=== Listed records ===
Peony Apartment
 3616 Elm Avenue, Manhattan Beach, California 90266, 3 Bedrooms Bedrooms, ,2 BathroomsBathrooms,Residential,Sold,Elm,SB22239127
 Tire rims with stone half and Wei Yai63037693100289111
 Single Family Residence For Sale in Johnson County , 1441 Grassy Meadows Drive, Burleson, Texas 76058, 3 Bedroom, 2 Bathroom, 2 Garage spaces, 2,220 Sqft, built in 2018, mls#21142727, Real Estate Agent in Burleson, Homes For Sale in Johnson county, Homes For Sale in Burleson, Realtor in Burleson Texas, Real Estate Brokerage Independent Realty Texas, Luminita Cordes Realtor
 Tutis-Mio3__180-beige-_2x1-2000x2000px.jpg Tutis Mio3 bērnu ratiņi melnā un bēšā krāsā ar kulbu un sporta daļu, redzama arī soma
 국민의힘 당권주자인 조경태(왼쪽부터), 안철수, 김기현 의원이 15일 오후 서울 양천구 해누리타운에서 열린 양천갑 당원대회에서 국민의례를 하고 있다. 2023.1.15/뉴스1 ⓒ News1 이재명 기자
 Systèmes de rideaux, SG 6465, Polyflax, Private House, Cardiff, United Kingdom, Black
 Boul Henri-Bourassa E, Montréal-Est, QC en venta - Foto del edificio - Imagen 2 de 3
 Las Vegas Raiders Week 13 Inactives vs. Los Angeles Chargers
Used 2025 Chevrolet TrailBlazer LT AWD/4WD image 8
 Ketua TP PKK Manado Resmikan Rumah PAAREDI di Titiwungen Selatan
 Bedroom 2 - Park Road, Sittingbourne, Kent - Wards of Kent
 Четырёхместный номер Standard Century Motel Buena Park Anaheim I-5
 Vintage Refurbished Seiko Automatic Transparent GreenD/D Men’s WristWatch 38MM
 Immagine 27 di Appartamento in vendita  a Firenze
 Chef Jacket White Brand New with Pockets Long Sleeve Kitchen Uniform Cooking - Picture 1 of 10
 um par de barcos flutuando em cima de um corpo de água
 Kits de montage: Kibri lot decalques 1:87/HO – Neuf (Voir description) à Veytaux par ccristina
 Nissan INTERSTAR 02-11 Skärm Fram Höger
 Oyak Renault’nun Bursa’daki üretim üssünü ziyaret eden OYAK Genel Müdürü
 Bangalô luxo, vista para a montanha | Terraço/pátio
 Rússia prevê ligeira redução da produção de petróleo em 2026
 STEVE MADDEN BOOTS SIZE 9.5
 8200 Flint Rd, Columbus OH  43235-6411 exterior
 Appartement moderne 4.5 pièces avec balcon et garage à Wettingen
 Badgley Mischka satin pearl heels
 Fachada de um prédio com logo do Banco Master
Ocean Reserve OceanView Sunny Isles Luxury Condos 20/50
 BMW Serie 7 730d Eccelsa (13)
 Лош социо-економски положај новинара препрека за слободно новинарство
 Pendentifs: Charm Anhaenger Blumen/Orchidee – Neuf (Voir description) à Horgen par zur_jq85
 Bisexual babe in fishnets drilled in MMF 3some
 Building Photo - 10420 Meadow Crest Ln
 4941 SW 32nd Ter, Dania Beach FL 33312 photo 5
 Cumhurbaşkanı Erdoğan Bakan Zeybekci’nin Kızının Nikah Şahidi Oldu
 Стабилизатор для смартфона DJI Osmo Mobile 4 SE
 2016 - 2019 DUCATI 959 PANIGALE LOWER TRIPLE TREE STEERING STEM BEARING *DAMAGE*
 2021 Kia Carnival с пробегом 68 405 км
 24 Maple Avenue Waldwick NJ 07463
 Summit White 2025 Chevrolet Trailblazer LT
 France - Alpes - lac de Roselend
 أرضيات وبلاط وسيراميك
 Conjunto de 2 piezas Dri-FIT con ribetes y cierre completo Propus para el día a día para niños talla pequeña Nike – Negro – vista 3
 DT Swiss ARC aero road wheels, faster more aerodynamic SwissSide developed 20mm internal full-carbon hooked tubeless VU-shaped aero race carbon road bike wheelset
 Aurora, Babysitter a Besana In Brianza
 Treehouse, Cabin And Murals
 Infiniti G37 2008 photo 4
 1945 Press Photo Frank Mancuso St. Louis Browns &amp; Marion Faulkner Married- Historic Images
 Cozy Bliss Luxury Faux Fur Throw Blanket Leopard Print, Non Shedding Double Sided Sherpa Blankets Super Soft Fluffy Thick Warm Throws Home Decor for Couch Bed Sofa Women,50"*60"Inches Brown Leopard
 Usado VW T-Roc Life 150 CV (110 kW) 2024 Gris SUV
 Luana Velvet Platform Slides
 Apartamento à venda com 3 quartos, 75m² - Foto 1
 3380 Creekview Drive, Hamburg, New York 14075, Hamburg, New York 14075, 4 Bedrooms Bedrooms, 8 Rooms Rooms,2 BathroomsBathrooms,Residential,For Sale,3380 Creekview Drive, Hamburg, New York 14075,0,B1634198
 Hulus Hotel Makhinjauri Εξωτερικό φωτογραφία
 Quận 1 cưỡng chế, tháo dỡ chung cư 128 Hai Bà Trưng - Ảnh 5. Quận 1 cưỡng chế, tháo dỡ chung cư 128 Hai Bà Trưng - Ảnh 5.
===
> _Exercise description_
Only the lines above starting at the one containing "Boul Henri-Bourassa E, Montréal-Est, QC" and ending at the one containing "Ketua TP PKK", both included, are to be returned, exactly as they read.

> _Task result_
 Boul Henri-Bourassa E, Montréal-Est, QC en venta - Foto del edificio - Imagen 2 de 3
 Las Vegas Raiders Week 13 Inactives vs. Los Angeles Chargers
Used 2025 Chevrolet TrailBlazer LT AWD/4WD image 8
 Ketua TP PKK Manado Resmikan Rumah PAAREDI di Titiwungen Selatan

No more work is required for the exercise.